● PROVIDED DATA:

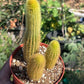 Cleistocactus winteri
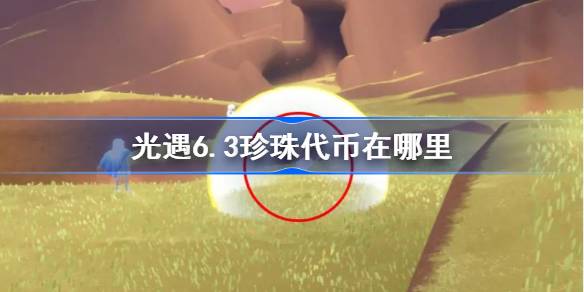 6.3珍珠信物在哪里？6月3日，自然日，光遇代币收集攻略-第1张图片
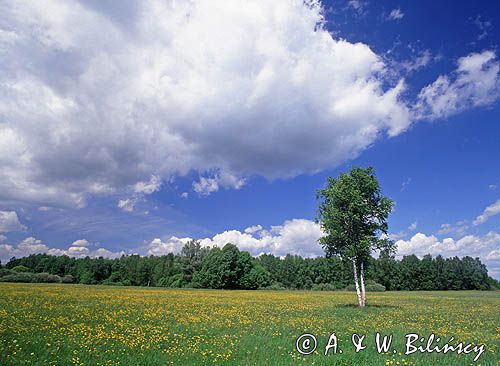 Nadbużański Park Krajobrazowy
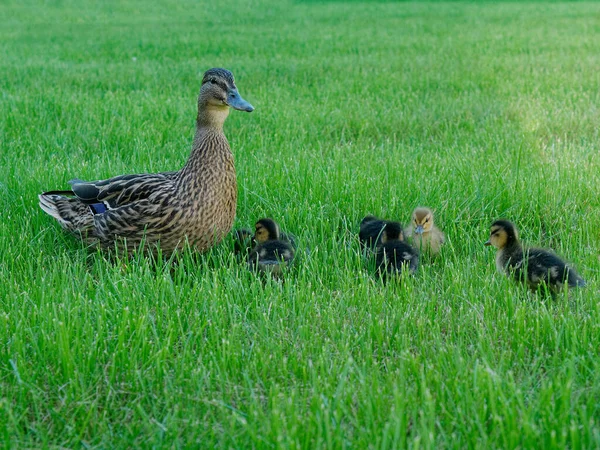 Entenmutter mit ihren Entchen im Gras — Stockfoto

● EXERCISE OBJECTIVE: Begin with the line that contains "6.3珍珠信物在哪里？6月3日，自然日，光遇代币收集攻略-第1张图片" and repeat every line through the end of the data, exactly and only those lines, leaving out the pictures.

● EXERCISE OUTPUT:
 6.3珍珠信物在哪里？6月3日，自然日，光遇代币收集攻略-第1张图片
 Nadbużański Park Krajobrazowy
 Entenmutter mit ihren Entchen im Gras — Stockfoto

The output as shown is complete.